I have here some fairly recent figures relating to 1948 which we think are worth considering, though I do not, at the moment, propose to draw deductions from them. I find that in April last, the average earnings for male manual workers over 21 in all employments, skilled and unskilled, was £6 14s. per week, and that they varied from the highest paid, where the average was £7 4s., down to a group of trades in the lowest paid class, which was as low, in the average, as £5 17s. I should imagine that the vast majority of the applications with which we are dealing today would be applications from people in those categories, that is to say, people whose total incomes would not normally be higher than the highest of those averages, namely, £7 4s.

Therefore, in fixing the maximum, I think it is appropriate to consider what are the present average rates of wages, and what are the sums which could be awarded under any given maximum.
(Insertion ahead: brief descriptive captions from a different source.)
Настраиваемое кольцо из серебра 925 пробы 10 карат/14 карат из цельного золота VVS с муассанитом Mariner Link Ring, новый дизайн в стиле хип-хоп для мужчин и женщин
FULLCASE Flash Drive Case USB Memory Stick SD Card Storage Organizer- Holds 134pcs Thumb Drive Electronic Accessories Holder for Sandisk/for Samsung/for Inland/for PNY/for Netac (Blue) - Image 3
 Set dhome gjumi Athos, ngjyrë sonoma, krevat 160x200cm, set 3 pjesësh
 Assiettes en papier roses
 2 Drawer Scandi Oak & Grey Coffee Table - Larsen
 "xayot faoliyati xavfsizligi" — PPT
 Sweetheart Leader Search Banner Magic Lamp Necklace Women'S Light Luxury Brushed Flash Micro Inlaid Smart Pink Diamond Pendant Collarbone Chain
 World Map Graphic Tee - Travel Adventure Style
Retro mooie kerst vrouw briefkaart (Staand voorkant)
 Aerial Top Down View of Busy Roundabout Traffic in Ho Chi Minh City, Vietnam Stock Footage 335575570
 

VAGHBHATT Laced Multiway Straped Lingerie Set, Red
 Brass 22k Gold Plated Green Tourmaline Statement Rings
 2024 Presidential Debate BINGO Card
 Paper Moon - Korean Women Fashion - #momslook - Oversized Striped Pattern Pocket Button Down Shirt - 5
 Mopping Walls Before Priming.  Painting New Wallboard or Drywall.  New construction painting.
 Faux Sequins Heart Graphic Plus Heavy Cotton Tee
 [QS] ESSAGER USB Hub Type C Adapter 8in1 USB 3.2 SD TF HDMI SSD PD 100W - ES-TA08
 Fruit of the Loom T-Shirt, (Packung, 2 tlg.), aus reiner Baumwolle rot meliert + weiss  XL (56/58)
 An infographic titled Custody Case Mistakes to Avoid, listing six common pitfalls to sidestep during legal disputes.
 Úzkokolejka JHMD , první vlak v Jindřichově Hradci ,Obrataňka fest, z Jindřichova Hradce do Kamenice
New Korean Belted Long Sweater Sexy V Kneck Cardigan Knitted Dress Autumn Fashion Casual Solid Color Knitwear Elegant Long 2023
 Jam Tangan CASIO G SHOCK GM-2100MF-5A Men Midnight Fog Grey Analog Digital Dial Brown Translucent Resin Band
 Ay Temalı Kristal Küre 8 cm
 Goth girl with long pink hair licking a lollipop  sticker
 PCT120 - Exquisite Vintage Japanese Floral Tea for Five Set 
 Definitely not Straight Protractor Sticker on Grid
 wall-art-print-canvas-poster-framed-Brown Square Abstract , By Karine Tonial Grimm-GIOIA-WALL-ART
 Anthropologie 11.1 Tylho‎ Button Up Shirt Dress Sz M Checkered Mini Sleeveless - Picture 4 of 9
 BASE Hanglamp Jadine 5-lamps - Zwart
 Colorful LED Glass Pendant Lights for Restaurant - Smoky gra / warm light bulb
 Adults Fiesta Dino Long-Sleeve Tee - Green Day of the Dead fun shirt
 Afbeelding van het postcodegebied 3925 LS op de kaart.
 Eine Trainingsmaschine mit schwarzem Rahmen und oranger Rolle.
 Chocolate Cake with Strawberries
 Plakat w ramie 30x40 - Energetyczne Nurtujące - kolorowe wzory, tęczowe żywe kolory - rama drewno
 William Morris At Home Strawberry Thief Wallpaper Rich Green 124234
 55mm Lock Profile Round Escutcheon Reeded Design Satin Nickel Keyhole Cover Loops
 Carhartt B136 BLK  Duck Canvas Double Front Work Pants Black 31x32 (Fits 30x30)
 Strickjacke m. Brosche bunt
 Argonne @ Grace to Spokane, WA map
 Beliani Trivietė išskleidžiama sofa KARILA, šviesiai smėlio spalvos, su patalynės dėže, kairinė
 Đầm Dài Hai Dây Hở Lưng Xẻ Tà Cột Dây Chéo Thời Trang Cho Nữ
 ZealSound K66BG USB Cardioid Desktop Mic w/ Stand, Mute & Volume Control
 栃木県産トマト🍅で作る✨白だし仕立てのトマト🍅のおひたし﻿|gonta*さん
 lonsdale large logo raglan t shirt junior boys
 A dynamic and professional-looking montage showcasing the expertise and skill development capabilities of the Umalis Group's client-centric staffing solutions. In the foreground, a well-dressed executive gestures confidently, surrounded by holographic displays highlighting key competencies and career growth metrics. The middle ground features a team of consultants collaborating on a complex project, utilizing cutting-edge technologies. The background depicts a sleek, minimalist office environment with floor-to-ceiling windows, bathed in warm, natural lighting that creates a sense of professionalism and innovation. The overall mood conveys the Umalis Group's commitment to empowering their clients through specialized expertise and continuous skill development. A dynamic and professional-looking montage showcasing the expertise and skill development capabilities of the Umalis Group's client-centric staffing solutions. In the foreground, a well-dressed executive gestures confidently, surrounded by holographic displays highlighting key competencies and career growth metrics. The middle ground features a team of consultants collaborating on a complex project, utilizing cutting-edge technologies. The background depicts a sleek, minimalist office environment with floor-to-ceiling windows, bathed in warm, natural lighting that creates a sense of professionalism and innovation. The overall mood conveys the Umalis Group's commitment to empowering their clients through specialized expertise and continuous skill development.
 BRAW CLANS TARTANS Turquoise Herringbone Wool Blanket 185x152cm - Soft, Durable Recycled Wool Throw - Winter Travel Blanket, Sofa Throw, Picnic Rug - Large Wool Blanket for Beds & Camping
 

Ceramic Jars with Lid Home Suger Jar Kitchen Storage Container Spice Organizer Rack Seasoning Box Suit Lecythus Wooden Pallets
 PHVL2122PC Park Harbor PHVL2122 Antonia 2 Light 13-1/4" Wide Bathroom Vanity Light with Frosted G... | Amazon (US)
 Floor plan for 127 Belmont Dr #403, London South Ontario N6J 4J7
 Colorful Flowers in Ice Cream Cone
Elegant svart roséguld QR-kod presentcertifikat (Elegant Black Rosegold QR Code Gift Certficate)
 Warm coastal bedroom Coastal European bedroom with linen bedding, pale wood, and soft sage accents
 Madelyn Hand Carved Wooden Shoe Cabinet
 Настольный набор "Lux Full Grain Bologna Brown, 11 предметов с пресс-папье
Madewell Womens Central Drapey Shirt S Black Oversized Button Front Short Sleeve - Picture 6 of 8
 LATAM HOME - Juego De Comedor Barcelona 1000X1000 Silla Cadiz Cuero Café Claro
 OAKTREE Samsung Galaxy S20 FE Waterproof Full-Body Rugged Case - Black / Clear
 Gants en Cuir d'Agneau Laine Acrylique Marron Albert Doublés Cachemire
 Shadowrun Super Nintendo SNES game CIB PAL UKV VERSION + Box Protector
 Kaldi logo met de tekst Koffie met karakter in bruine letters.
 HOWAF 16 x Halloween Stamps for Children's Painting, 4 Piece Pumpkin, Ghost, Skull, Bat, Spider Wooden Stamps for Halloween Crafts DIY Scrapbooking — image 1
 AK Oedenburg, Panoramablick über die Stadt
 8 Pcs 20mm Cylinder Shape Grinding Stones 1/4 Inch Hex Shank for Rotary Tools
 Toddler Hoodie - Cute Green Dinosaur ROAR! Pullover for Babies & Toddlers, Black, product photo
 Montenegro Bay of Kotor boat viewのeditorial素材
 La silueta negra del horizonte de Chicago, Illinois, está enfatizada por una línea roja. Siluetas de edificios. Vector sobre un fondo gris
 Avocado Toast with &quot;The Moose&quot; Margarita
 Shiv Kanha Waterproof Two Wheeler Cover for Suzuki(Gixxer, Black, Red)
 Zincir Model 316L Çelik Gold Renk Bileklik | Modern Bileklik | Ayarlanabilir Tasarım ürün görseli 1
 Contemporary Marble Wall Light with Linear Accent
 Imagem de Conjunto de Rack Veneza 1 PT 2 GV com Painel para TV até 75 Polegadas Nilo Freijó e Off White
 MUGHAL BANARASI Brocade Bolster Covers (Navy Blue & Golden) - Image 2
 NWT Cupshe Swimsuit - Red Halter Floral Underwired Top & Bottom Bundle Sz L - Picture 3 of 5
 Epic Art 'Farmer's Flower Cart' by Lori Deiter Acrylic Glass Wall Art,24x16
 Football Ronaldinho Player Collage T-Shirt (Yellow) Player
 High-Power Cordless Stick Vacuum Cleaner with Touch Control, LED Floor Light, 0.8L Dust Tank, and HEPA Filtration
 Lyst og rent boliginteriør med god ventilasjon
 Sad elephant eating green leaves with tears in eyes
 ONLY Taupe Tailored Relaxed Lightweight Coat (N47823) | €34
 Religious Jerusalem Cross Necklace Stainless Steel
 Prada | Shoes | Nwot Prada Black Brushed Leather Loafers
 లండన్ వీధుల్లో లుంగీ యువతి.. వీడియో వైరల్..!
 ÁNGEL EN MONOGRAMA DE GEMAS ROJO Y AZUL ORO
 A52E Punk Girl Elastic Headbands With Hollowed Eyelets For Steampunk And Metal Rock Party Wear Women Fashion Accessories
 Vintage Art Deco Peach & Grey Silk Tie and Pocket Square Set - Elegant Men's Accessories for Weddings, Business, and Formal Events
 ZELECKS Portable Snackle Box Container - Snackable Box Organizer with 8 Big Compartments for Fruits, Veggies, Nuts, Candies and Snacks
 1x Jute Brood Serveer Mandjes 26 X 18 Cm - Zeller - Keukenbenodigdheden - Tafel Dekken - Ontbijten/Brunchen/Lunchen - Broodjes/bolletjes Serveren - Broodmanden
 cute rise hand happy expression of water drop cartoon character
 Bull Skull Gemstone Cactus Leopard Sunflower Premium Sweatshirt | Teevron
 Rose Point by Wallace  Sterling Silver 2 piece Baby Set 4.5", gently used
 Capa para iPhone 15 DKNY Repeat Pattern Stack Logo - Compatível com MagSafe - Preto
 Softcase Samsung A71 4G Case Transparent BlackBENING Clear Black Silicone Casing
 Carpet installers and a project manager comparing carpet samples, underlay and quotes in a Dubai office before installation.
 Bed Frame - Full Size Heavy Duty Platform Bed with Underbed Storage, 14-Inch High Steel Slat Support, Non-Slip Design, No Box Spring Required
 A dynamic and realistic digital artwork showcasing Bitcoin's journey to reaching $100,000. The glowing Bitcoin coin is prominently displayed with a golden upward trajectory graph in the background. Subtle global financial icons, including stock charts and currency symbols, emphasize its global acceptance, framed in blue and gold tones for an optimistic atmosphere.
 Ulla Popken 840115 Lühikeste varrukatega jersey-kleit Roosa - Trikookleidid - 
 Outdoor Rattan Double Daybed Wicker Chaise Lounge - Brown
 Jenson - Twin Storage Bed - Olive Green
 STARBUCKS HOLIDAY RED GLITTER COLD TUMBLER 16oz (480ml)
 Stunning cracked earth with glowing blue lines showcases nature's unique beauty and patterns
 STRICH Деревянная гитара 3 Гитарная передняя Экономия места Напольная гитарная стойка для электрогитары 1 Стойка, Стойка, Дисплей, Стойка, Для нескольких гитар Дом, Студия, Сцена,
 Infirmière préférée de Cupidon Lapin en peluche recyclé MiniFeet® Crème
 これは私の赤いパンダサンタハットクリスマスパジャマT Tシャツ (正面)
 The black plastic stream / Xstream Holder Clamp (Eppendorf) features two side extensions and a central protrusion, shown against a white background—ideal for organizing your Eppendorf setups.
The House will appreciate that, as the Bill is drawn, if there were a wife and two children, as much as £7 a week could be awarded. I think one might consider from what sort of total income it would be fair to make a deduction of that kind. I do not wish to draw any conclusions from these observations at this stage, but only to say that in approving this Bill in principle and welcoming it, the Government are not committing themselves to any precise figure which may be suggested.

There is one other matter to which reference has been made, but to which, I think, I should only refer in order to say that I do not think it would be appropriate to discuss it in detail on this Bill, and that is the question of collection. We all know that the question of collecting the money after it has been awarded is a very difficult one. Of course, any amendment of the law which might be required to improve that situation would inevitably put further burdens—possibly very considerable further burdens—on the public authorities. From the point of view of the Government spokesman it is certainly one of the great merits of this Bill that it does not propose to put any great burdens on the public authorities, or to make any claim upon public money. If one were to introduce the question of collection, one would be introducing an entirely different matter; it would be inappropriate and might make it more difficult to achieve the object which the promoters of the Bill desire.

Question put, and agreed to.

Bill read a Second time, and committed to a Standing Committee.